2016年にGI(地理的表示)に登録された南信州を代表する特産品です。市田柿は長野県の南信の限られた地域でしか作られていないのです。
きめ細かい白い粉に覆われた鮮やかなあめ色の果肉、もっちりした食感、自然由来の上品な甘さが特徴です。食物繊維が多く含まれ、腸内環境を整える働きをするとされています。
今回は、市田柿の生産過程を探るため、JAみなみ信州「市田柿本舗ぷらう」を取材しました。
研修生のみなさんと市田柿スペシャリストであるJAみなみ信州営農部果実柿課の米山さん(右端)
どうやって作られているの?
柿の収穫は、10月下旬からはじまります。ヘタにある枝の部分を南信では「ほぞ」と呼びますが、収穫の際にはほぞを残します。
続いて皮むきなどの加工作業を行います。皮をむいたら、ほぞをクリップに引っ掛け、のれんのように吊るして乾燥させます。
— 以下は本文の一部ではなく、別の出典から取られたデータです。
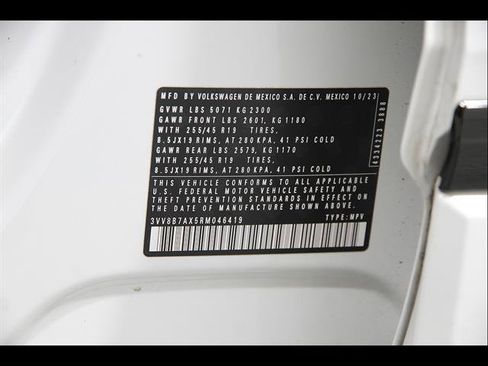Certified 2024 Volkswagen Tiguan SE R-Line AWD/4WD image 22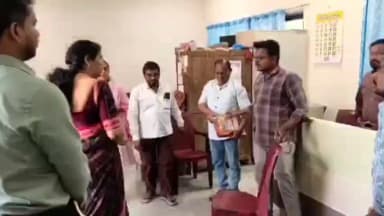 అసిఫాబాద్: ఆసిఫాబాద్ కలెక్టరేట్ లో పట్టపగలే లైట్లు, సిబ్బందిపై కలెక్టర్ మండిపాటు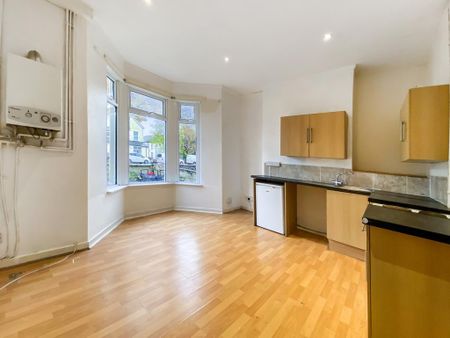 1 bedroom flat to rent - Photo 3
水分が抜けて基準の重さになると、表面にうっすら縦ジワが現れます。果肉が羊かんのように固まってきたら、柿のれんから柿を外す「ハザおろし」を行い、ほぞをハサミで切り取ります。
さらに天日干しをして甘みを引き出し、「柿もみ」を行います。柿もみ機で1回あたり3~5分間、柿の表面に刺激を与えると、きめ細かい白い粉が出てきます。
柿がある程度、乾いた状態でないと破れてしまうため、見極めが重要なのだそうです。
表面のやわらかさを保ちながら柿の水分を抜いていくことが、おいしい市田柿を作る重要なポイントです。
白い粉が出だしたら「寝せ込み」を行います。天日干しや柿もみによって柿の中から出てきた水分と糖分を休ませて結晶化させ、きめ細かい白い粉をまとった美しい市田柿が完成します。
市田柿をおいしく味わうために…
市田柿の表面の白い粉は果実のぶどう糖が結晶化されたもの。開封・未開封に限らず保存場所が15℃以上を超えると粉が溶ける場合があるので、冷蔵庫あるいは15℃以下の場所で保管してください。
また、ラップで包んだりポリ袋に入れて空気を抜くと、かたくならず、おいしく保つことができます。
もっとおいしいアレンジレシピ
市田柿のもっとおいしいい食べ方をご紹介します。
市田柿バター
柿のヘタをとって縦半分に切り、バターをはさみます。食べやすい大きさに切って完成。
市田柿のミルフィーユ
タッパーなどにラップを敷き、柿のヘタをとって縦半分に切り開き、少し重ねながら並べます。その上にクリームチーズを並べ、さらに上から切り開いた柿を並べます。ラップで包んで形を整えたら、冷蔵庫で冷やします。お好みの大きさに切って食べてみてください。
最後に…
地域の歴史とともに受け継がれてきた市田柿は、今や国内だけでなく海外でも人気が高まっています。そのブランドを守るため、農家さん一人ひとりが衛生管理を徹底し、次世代へつなげるべく技術を磨いて、より高品質な市田柿の生産に取り組んでいます。
農家さんの思いが詰まった市田柿を、ぜひ味わってみてください。